### What you are asked to do
Return the listing below verbatim. Pictures do not belong in the copy.

### Exercise data
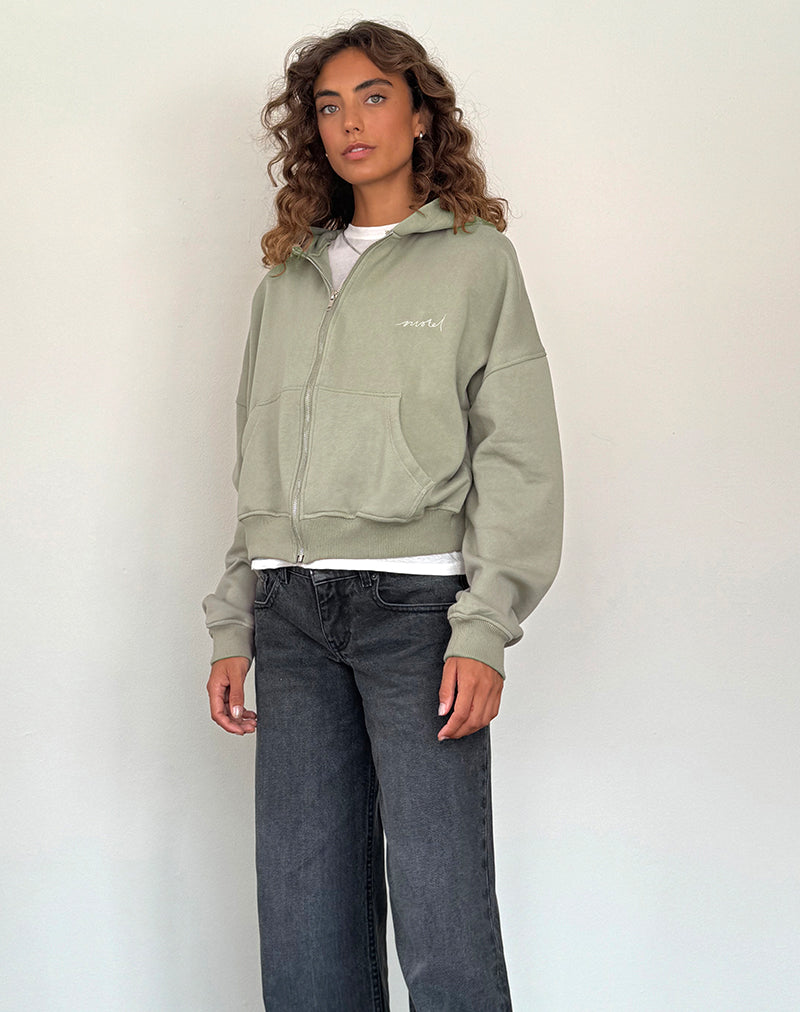 Zip Up Trui in London Fog met 'MOTEL' Ivory borduursel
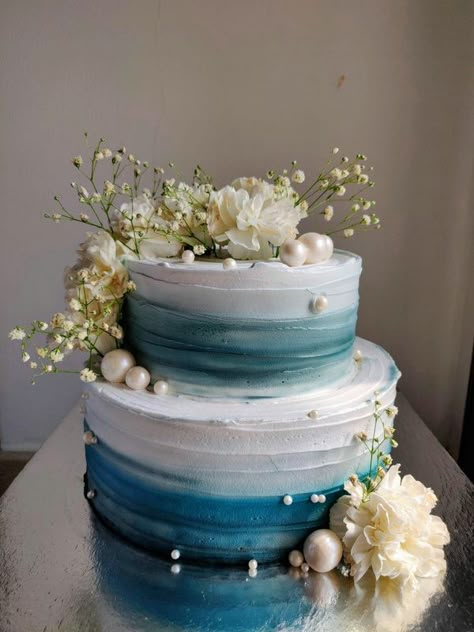 How This Bride Planned & Budgeted Her Lovely Intimate Roka At Home Baat Pakki Cake Ideas, Engagement Cake Blue, Roka Cake Designs, Anniversary Cakes Ideas, Love Anniversary Cake, Blue Wedding Cake Ideas, Engagement Cake Images, Wedding Cake Designs Blue, Engagement Cake Designs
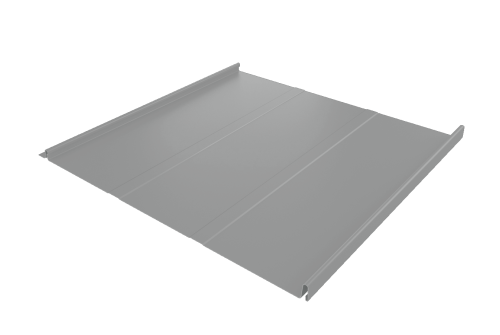 Фальц двойной стоячий Line Grand Line 0,45 PE с пленкой на замках RAL 9006 бело-алюминиевый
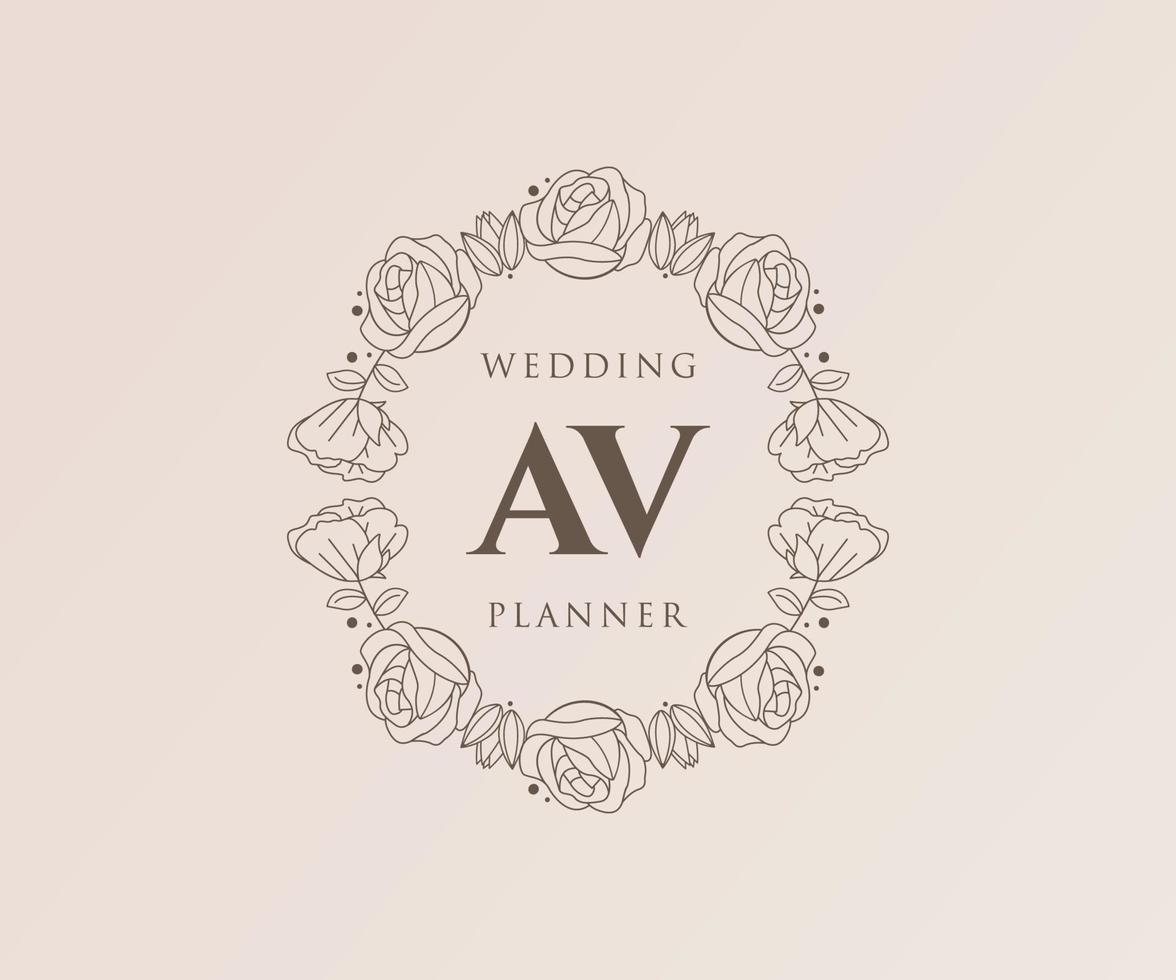 AV Initials letter Wedding monogram logos collection, hand drawn modern minimalistic and floral templates for Invitation cards, Save the Date, elegant identity for restaurant, boutique, cafe in vector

### The answer
 Zip Up Trui in London Fog met 'MOTEL' Ivory borduursel
 How This Bride Planned & Budgeted Her Lovely Intimate Roka At Home Baat Pakki Cake Ideas, Engagement Cake Blue, Roka Cake Designs, Anniversary Cakes Ideas, Love Anniversary Cake, Blue Wedding Cake Ideas, Engagement Cake Images, Wedding Cake Designs Blue, Engagement Cake Designs
 Фальц двойной стоячий Line Grand Line 0,45 PE с пленкой на замках RAL 9006 бело-алюминиевый
 AV Initials letter Wedding monogram logos collection, hand drawn modern minimalistic and floral templates for Invitation cards, Save the Date, elegant identity for restaurant, boutique, cafe in vector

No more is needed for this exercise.